GIVEN MATERIAL:
+--
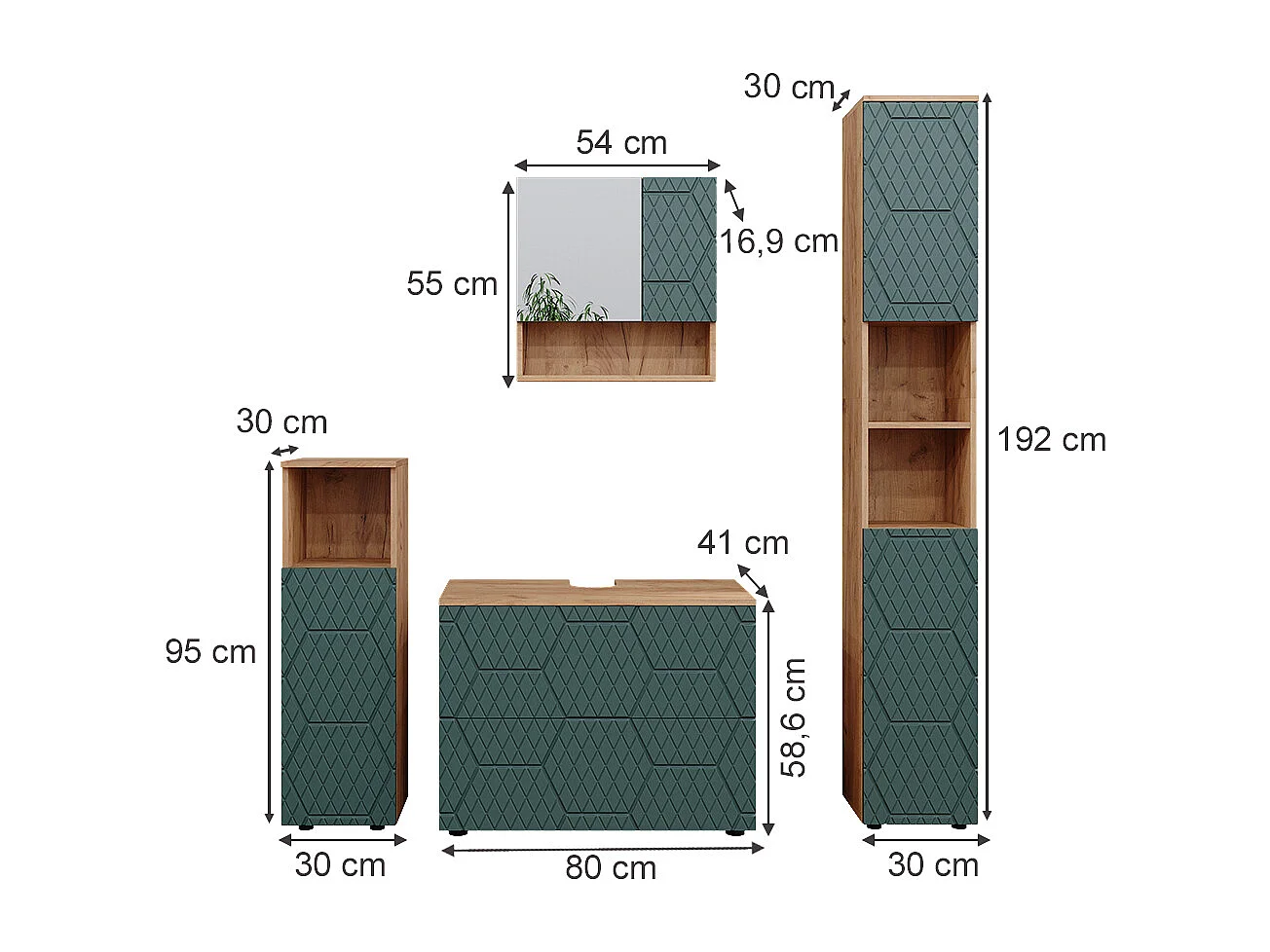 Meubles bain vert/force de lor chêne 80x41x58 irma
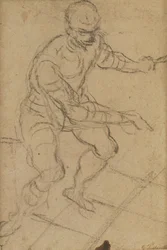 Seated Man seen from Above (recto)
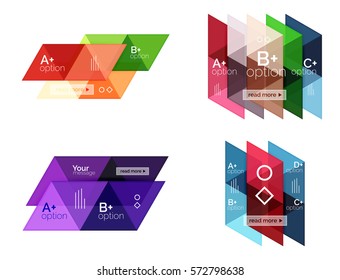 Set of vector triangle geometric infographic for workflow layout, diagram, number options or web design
+--
TASK OBJECTIVE: Every line above should be copied exactly; do not carry over the pictures.

THE ANSWER:
 Meubles bain vert/force de lor chêne 80x41x58 irma
 Seated Man seen from Above (recto)
 Set of vector triangle geometric infographic for workflow layout, diagram, number options or web design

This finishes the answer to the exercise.